Brief descriptive captions:
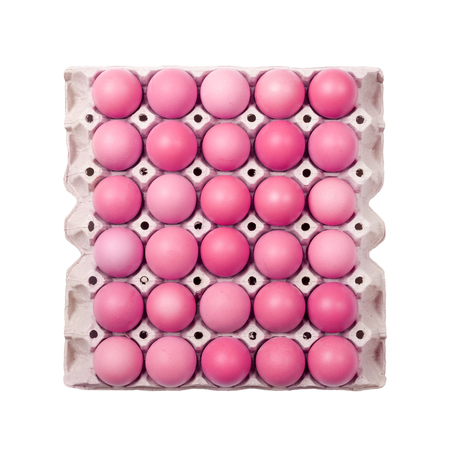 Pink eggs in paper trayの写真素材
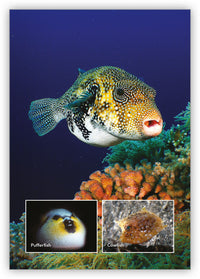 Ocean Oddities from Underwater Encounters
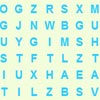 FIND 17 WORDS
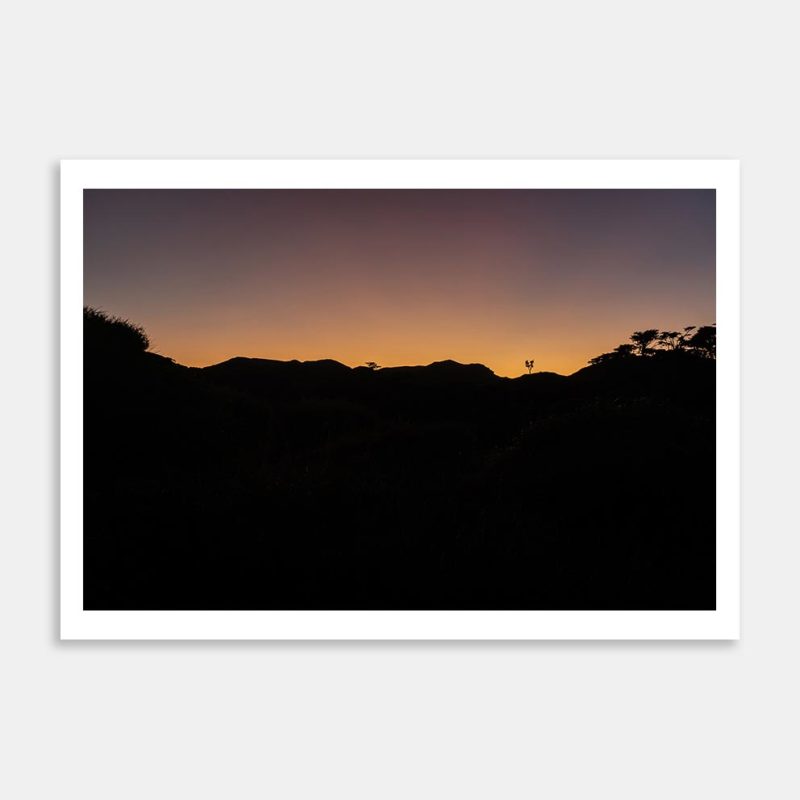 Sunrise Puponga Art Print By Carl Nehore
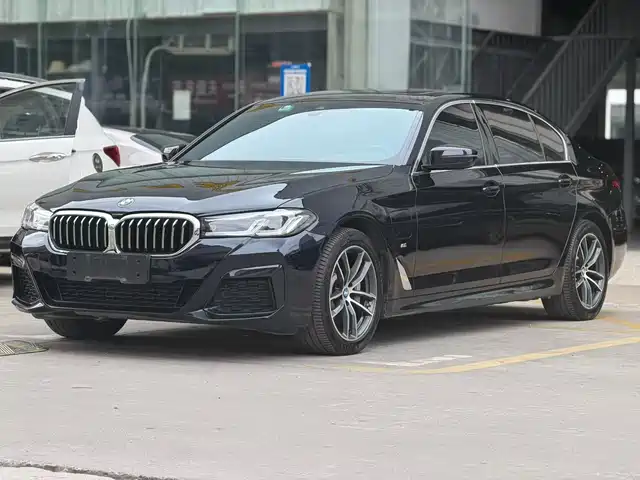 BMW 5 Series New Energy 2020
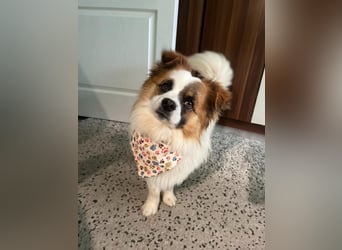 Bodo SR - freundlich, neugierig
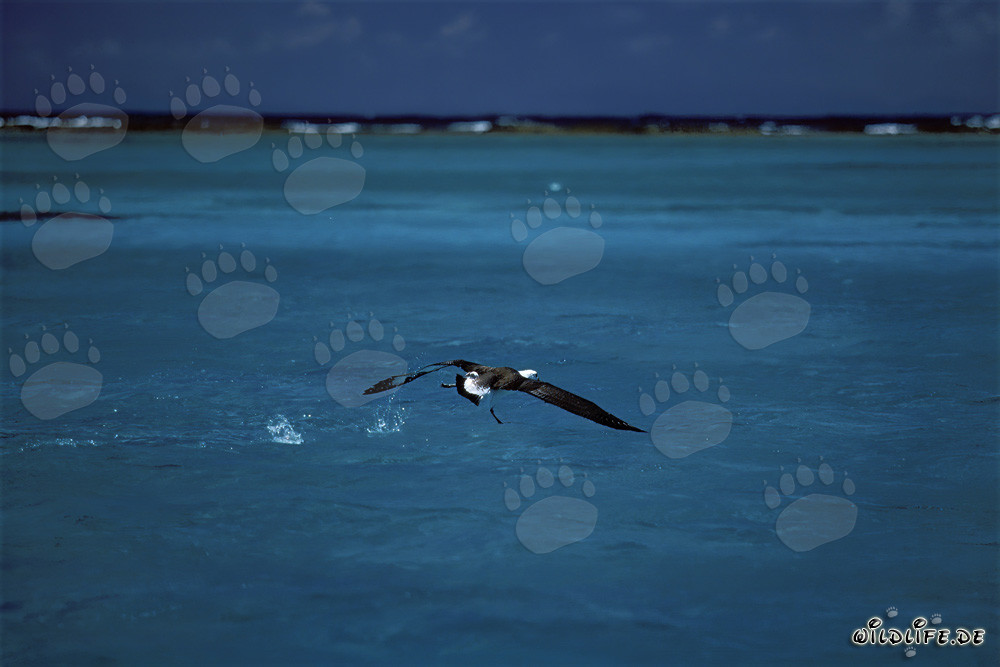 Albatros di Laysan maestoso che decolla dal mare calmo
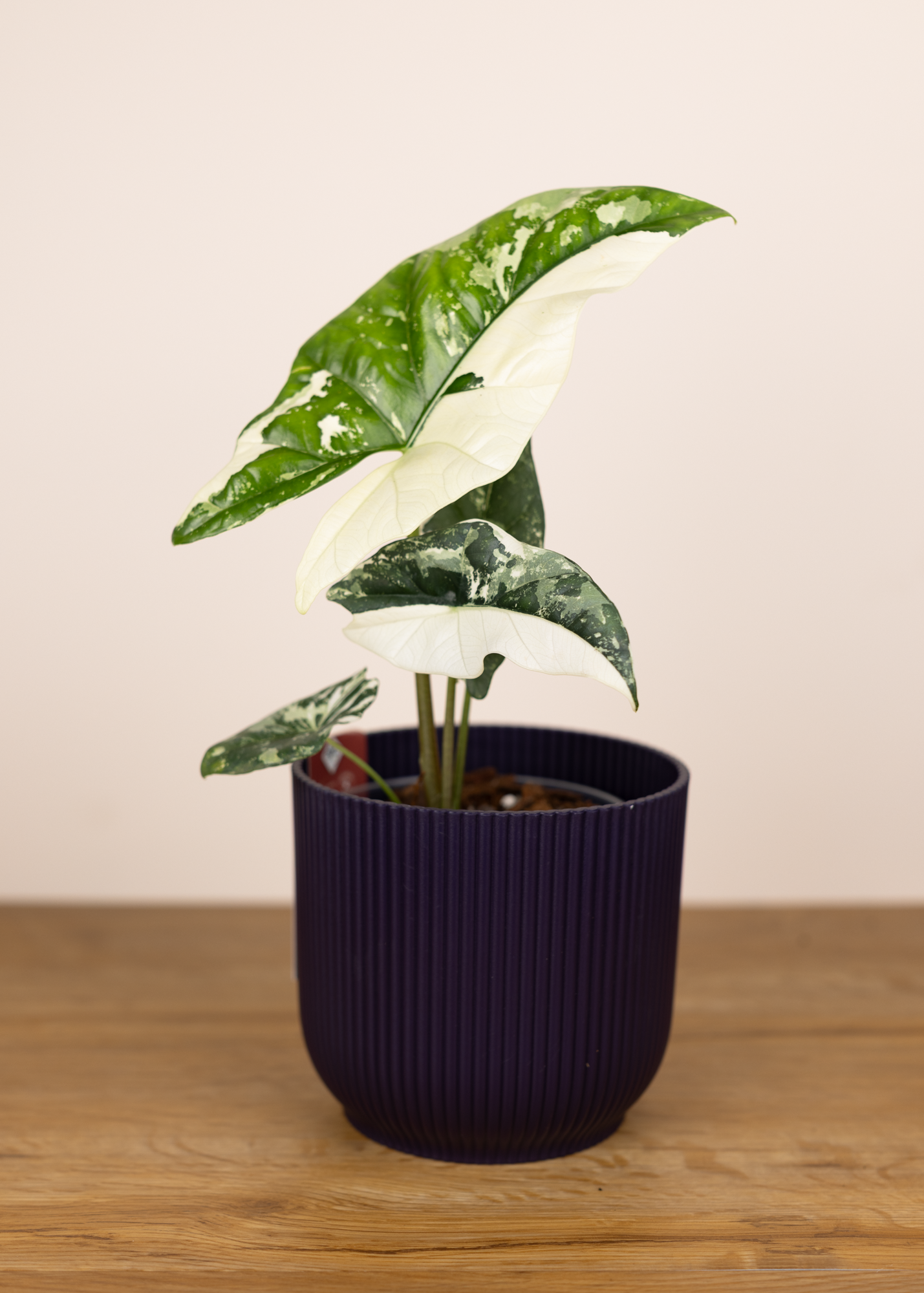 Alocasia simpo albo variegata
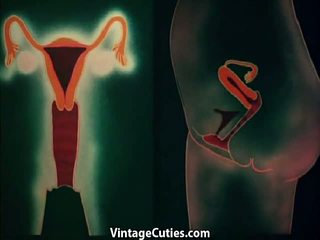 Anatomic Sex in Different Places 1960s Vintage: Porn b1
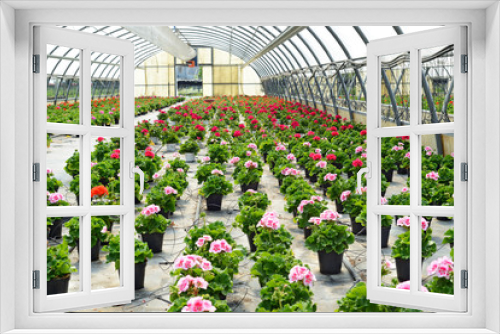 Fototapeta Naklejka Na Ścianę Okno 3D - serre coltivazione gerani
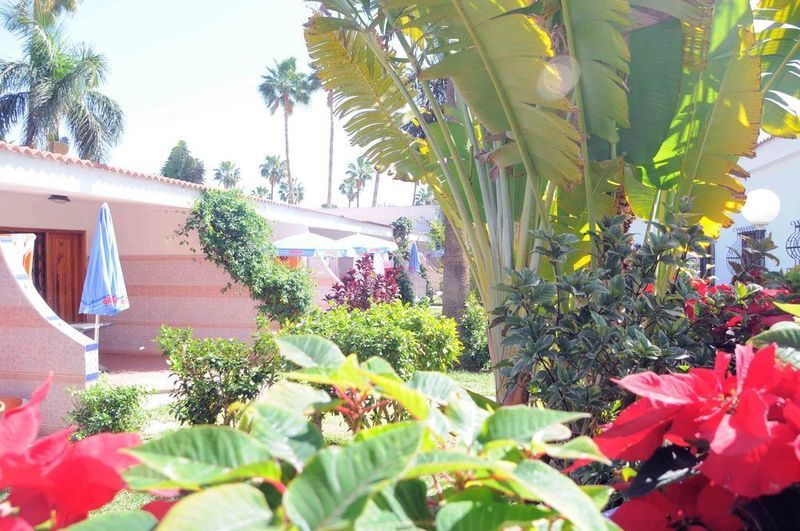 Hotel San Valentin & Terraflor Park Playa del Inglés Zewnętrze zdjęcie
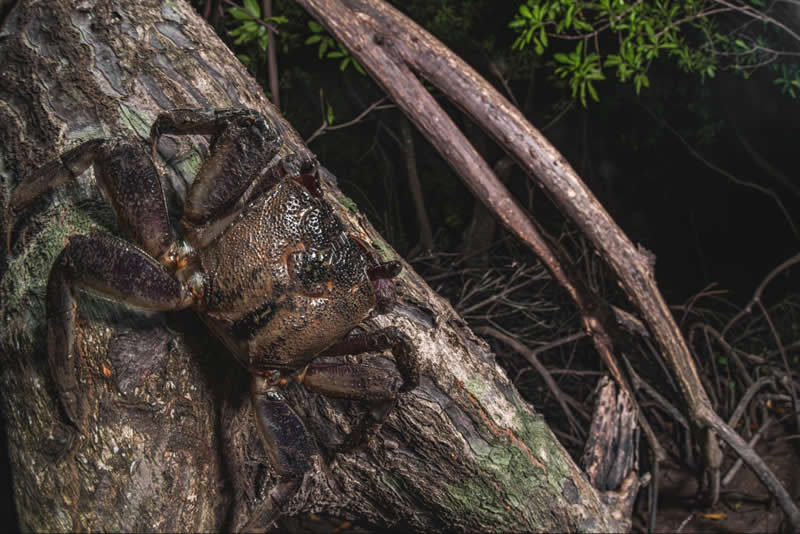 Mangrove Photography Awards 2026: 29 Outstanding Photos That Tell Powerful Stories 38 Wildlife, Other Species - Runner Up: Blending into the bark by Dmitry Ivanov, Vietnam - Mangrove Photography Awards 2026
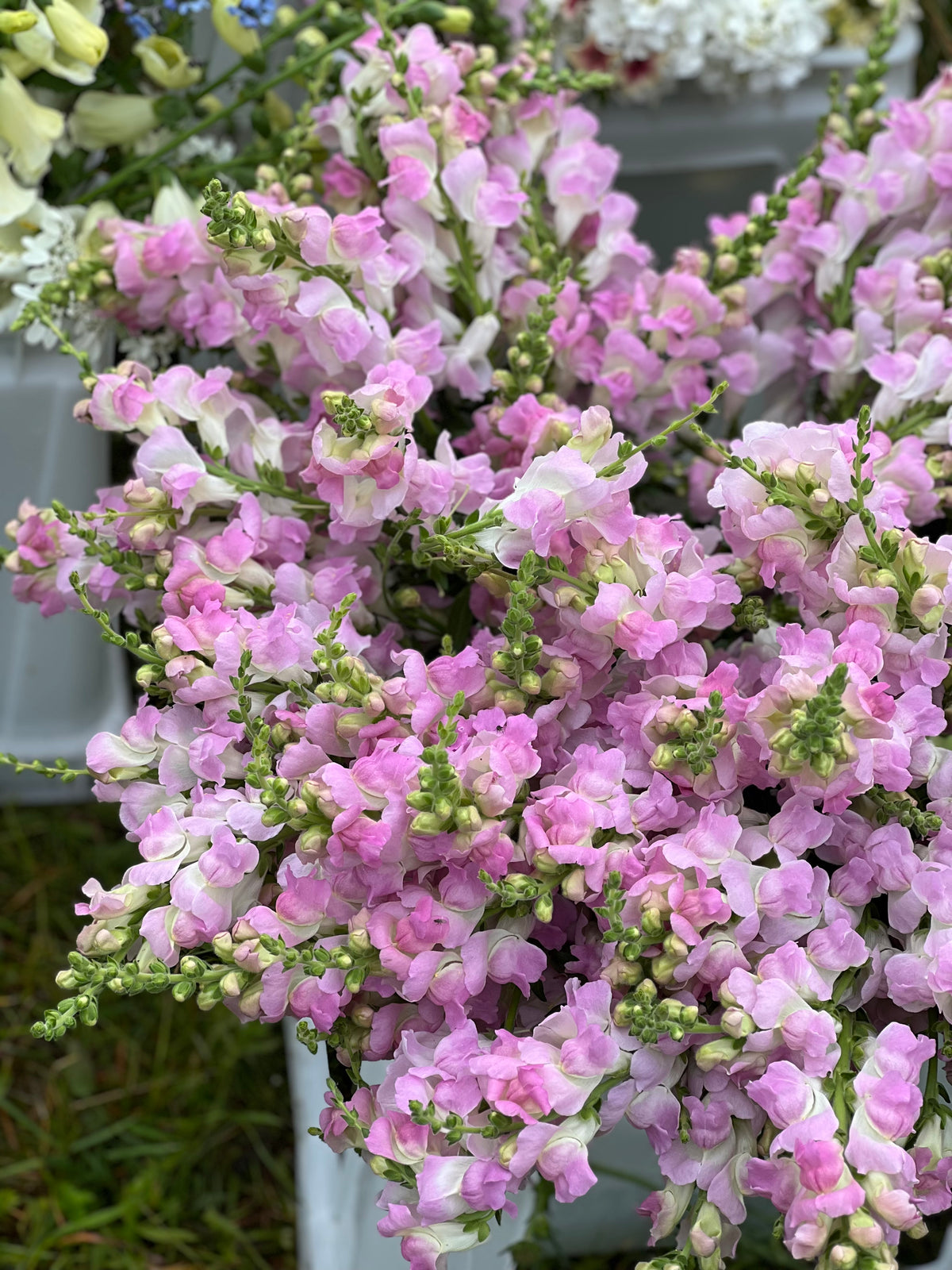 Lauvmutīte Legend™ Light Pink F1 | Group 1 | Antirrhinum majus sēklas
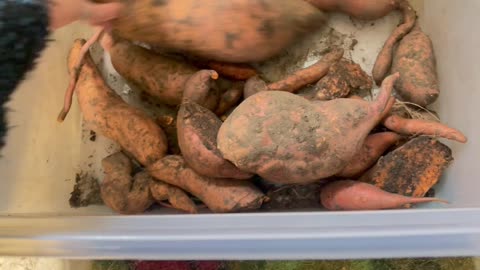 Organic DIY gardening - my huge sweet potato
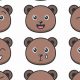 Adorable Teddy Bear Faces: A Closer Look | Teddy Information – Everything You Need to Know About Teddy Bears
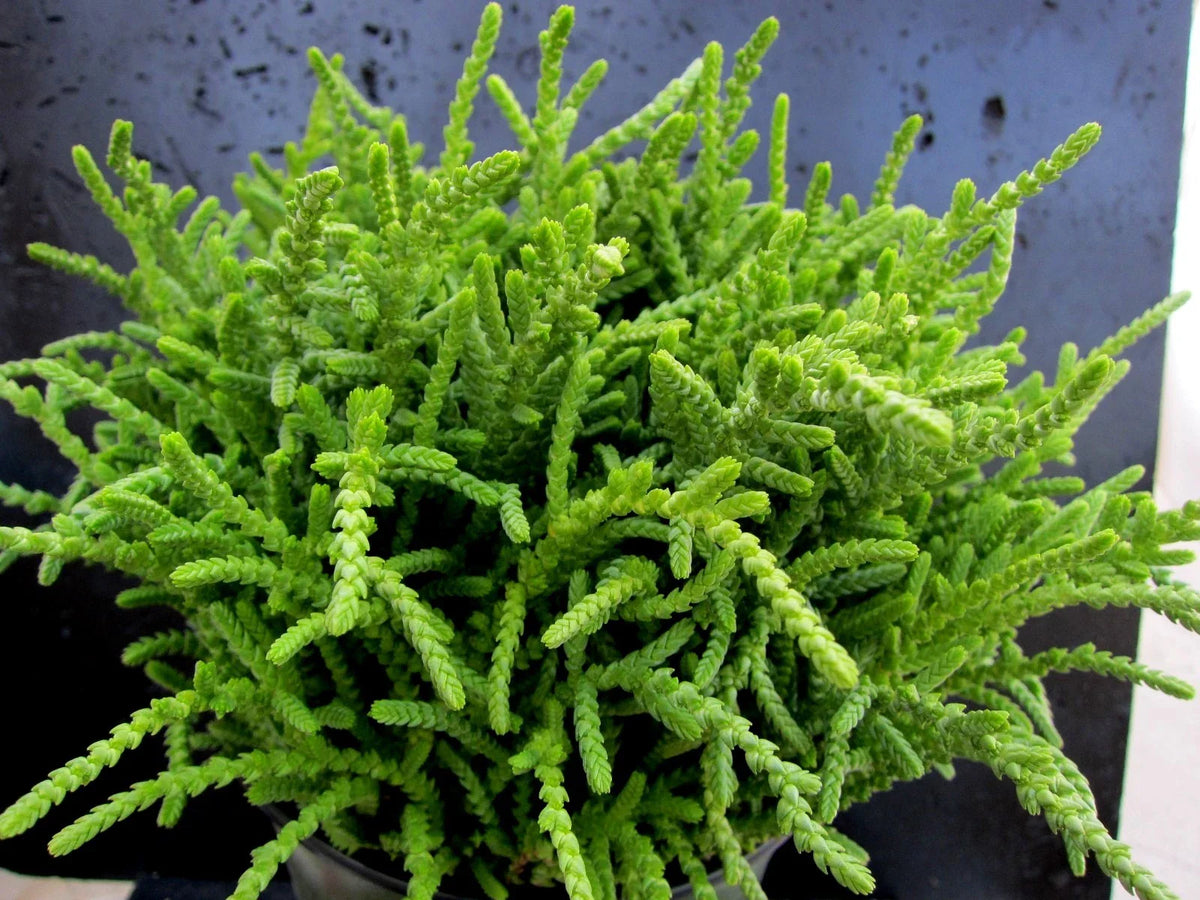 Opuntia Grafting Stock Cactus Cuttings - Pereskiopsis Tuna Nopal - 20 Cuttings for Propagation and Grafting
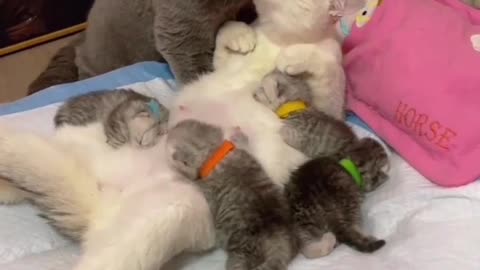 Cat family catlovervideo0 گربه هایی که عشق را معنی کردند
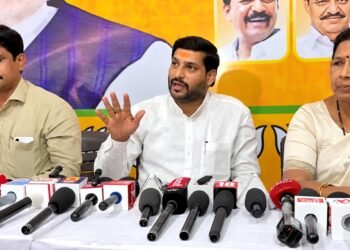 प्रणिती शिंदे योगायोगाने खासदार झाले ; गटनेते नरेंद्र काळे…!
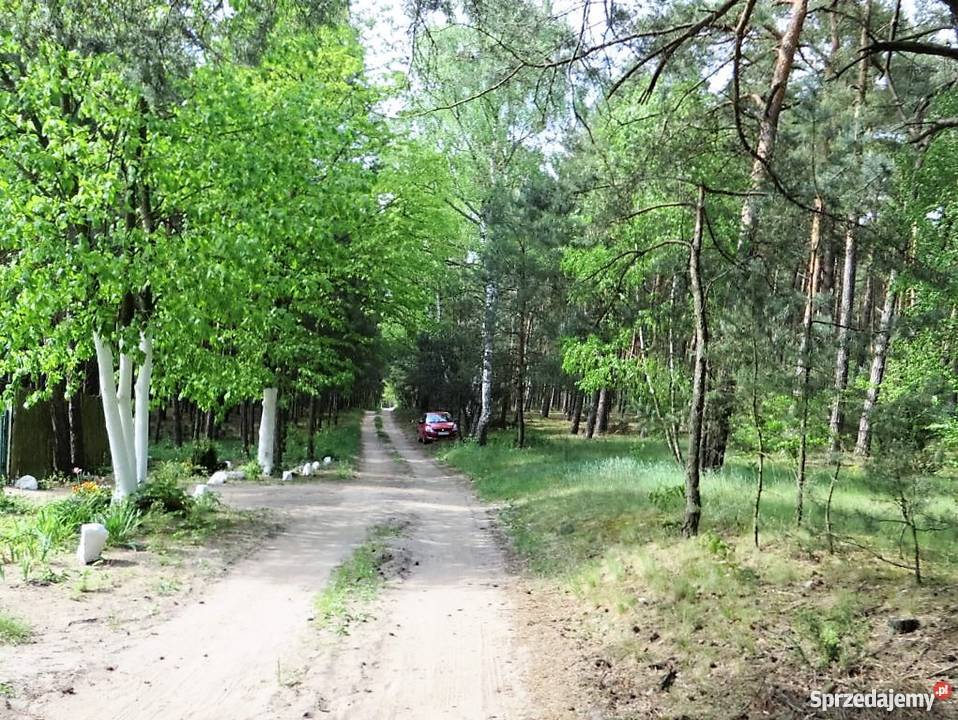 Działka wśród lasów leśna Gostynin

The task ->
Output each entry exactly. Skip the pictures.

Solution for this task ->
 Pink eggs in paper trayの写真素材
 Ocean Oddities from Underwater Encounters
 FIND 17 WORDS
 Sunrise Puponga Art Print By Carl Nehore
 BMW 5 Series New Energy 2020
 Bodo SR - freundlich, neugierig
 Albatros di Laysan maestoso che decolla dal mare calmo
 Alocasia simpo albo variegata
 Anatomic Sex in Different Places 1960s Vintage: Porn b1
 Fototapeta Naklejka Na Ścianę Okno 3D - serre coltivazione gerani
 Hotel San Valentin & Terraflor Park Playa del Inglés Zewnętrze zdjęcie
 Mangrove Photography Awards 2026: 29 Outstanding Photos That Tell Powerful Stories 38 Wildlife, Other Species - Runner Up: Blending into the bark by Dmitry Ivanov, Vietnam - Mangrove Photography Awards 2026
 Lauvmutīte Legend™ Light Pink F1 | Group 1 | Antirrhinum majus sēklas
 Organic DIY gardening - my huge sweet potato
 Adorable Teddy Bear Faces: A Closer Look | Teddy Information – Everything You Need to Know About Teddy Bears
 Opuntia Grafting Stock Cactus Cuttings - Pereskiopsis Tuna Nopal - 20 Cuttings for Propagation and Grafting
 Cat family catlovervideo0 گربه هایی که عشق را معنی کردند
 प्रणिती शिंदे योगायोगाने खासदार झाले ; गटनेते नरेंद्र काळे…!
 Działka wśród lasów leśna Gostynin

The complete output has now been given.